= Ghubar-e-Khatir =

Collection of letters by Abul Kalam Azad

Ghubar-e-Khatir (غُبارِ خاطِر) is one of the most important works of Maulana Abul Kalam Azad. It was written primarily between 1942 and 1946 while he was imprisoned in Ahmednagar Fort in Maharashtra by the British Raj. He had traveled to Bombay (now Mumbai) to preside over the meeting of All India Congress Working Committee. The book was later translated into English as Sallies of Mind.

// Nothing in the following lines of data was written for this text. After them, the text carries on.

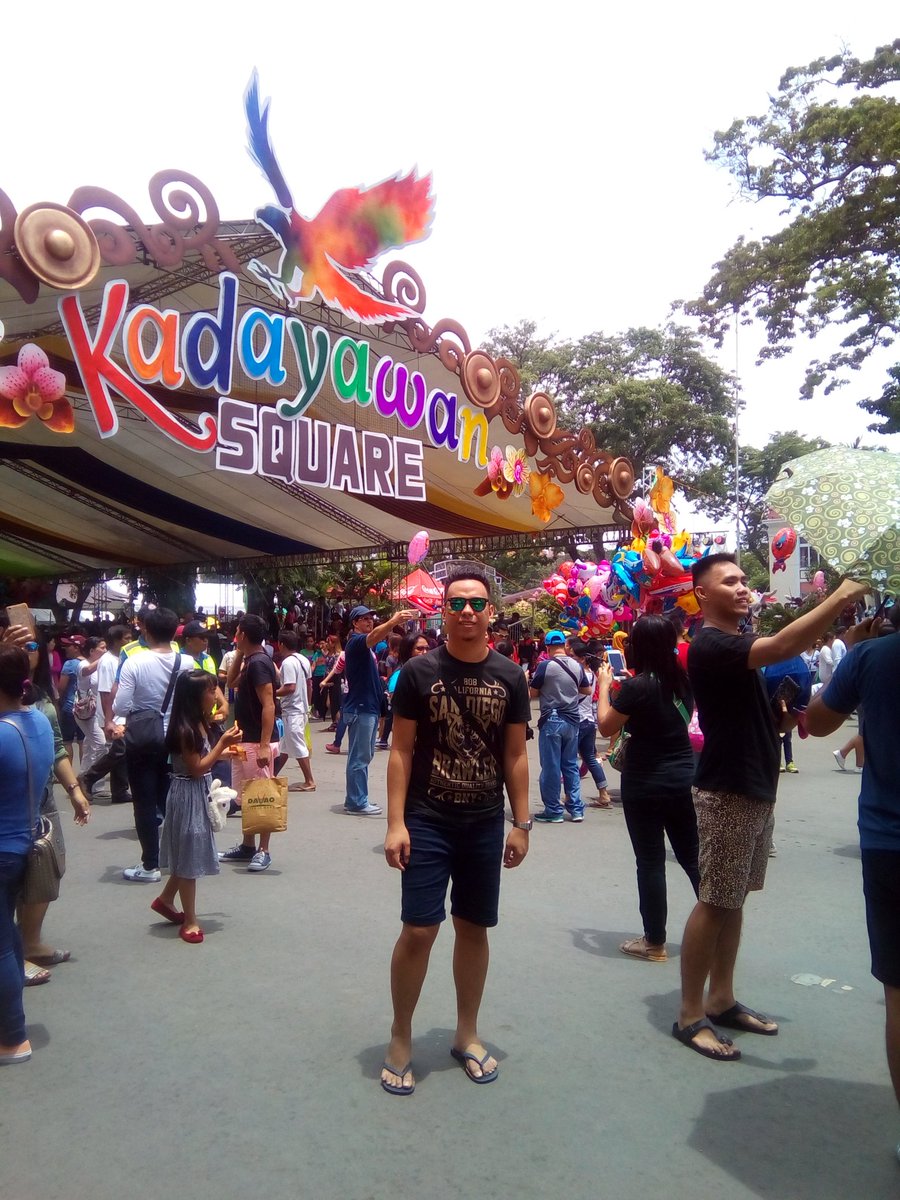 kimbooooy's tweet image. Spot the difference omg #kadayawan2017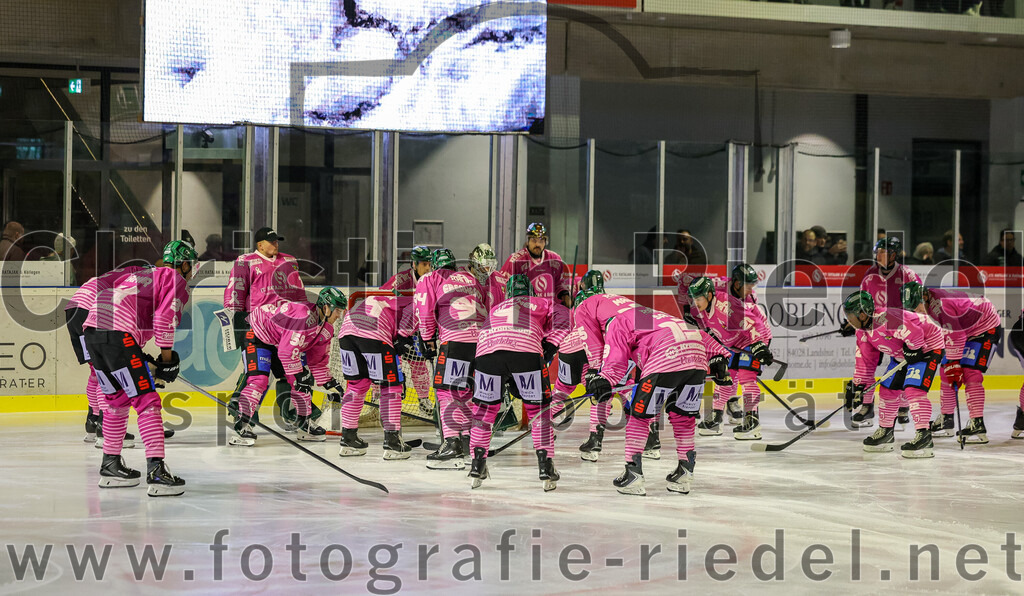 2025-10-24_017_TSV_Erding_gegen_Deggendorfer_SC | Erding, Deutschland, 24.10.2025:Eishockey, Oberliga Süd 2025 / 2026, 11. Spieltag, TSV Erding gegen Deggendorfer SC, Endergebnis: 2:4Foto: Christian Riedel / fotografie-riedel.net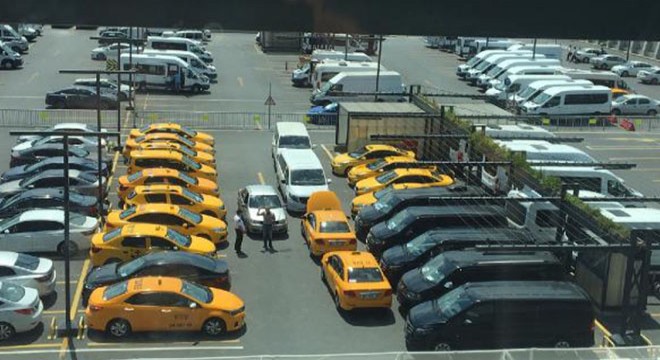 UBER şoförlerinin eyleminde arbede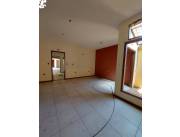 Vendo terreno de 1020 mt2 con Casa a remodelar o demoler. Cod 037
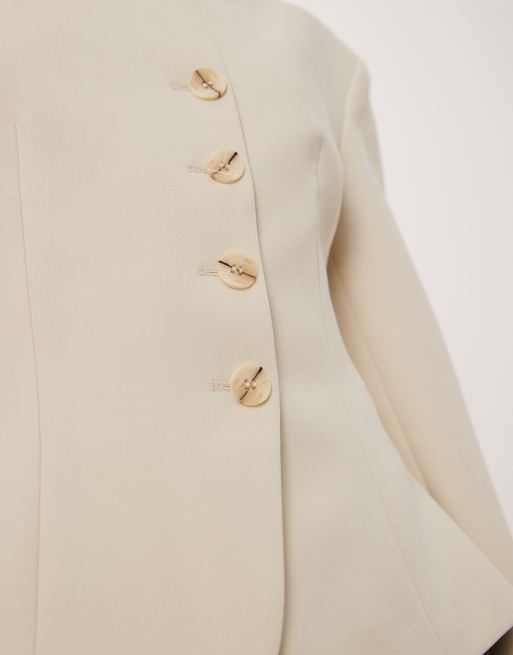 Miss Selfridge Petite cropped blazer uden krave i ivory, 4 af 4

The book is a collection of 24 letters he wrote addressing his close friend, Maulana Habibur Rahman Khan Sherwani. The letters were never sent, as prison regulations did not permit it. After his release in 1946, Azad gave all these letters to his secretary, Muhammad Ajmal Khan, who published them for the first time that year.

==Contents==
Although the book is a collection of letters, all but one or two letters are unique and most of the letters deal with complex issues such as the existence of God, the origin of religions, the origin of music and its place in religion, and other topics. Abul Kalam means eloquent and the book is particularly appreciated because of its beautiful language. Maulana Abul Kalam Azad's hypnotic description of his morning routine of brewing and drinking tea is notably remarkable in the book.

The book is primarily in Urdu but there are over five hundred couplets, mostly in Persian and Arabic. This is because Azad was born in a family where Arabic and Persian were used more frequently than Urdu. He was born in Mecca, given formal education in Persian and Arabic languages but was never taught Urdu.